BECAUSE THE MARKET FOR E-BUSINESS SOLUTIONS IS NEW AND EVOLVING, WE CANNOT
ACCURATELY PREDICT THE FUTURE GROWTH RATE OF THIS MARKET OR ITS ULTIMATE SIZE

         We are increasingly focusing our selling efforts on providing
application and information availability solutions for e-business applications
and we expect such sales to constitute an increasing portion of our future
revenue growth. We believe that most companies currently are not yet aware of
our products and capabilities within this evolving market, and, as a result,
such companies have not deployed our solutions. While we have devoted
significant resources to promoting awareness of our products and the problems
these products address for this evolving market, these efforts may not be
sufficient to build market awareness of the need for our products. Failure of a
significant market for e-business application and information availability
products to develop, or failure of our products to achieve broad market
acceptance, could have a material adverse effect on our business, operating
results and financial condition.

WE EXPECT TO INCUR SIGNIFICANT INCREASES IN OUR OPERATING EXPENSES IN THE
FORESEEABLE FUTURE, WHICH MAY AFFECT OUR FUTURE PROFITABILITY

         We intend to substantially increase our operating expenses for the
foreseeable future as we:

         o  increase our sales and marketing activities, including expanding our
            direct sales and telesales forces;

         o  increase our research and development activities;

         o  expand our general and administrative activities; and

         o  expand our customer support organizations.
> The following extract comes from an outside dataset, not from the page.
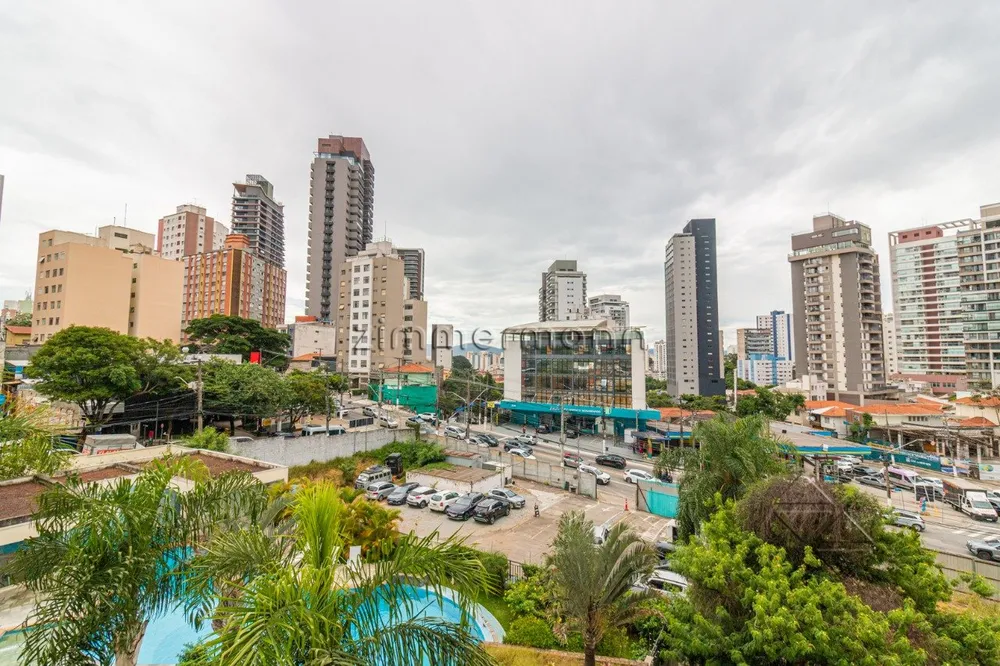 Apartamento, 2 quartos, 85 m² - Foto 4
                                       5


<PAGE>   7

Accordingly, we will be required to significantly increase our revenues in order
to maintain profitability. These expenses will be incurred before we generate
any revenues by this increased spending. If we do not significantly increase
revenues from these efforts, our business and operating results would be
negatively impacted.

OUR INTERNATIONAL OPERATIONS AND OUR PLANNED EXPANSION OF OUR INTERNATIONAL
OPERATIONS EXPOSES US TO CERTAIN RISKS

         Substantially all of our current international revenues are derived
from the operations of our wholly-owned subsidiaries in Canada, Australia, the
United Kingdom and Germany. Revenues from licenses and services to customers
outside of United States were $5.8 million in 1998, representing 16.7% of total
revenues, $15.3 million in the year ended December 31, 1999, representing 21.6%
of total revenues, $4.8 million for the six months ended June 30, 1999,
representing 13% of total revenues, and $15.4 million for the six months ended
June 30, 2000, representing 18% of total revenues. As a result, we face
increasing risks from doing business on an international basis, including, among
others:

         o  difficulties in staffing and managing foreign operations;

         o  longer payment cycles;

         o  seasonal reductions in business activity in Europe;

         o  increased financial accounting and reporting burdens and
            complexities;

         o  potentially adverse tax consequences;

         o  delays in localizing our products;

         o  compliance with a wide variety of complex foreign laws and treaties;

         o  reduced protection for intellectual property rights in some
            countries; and

         o  licenses, tariffs and other trade barriers.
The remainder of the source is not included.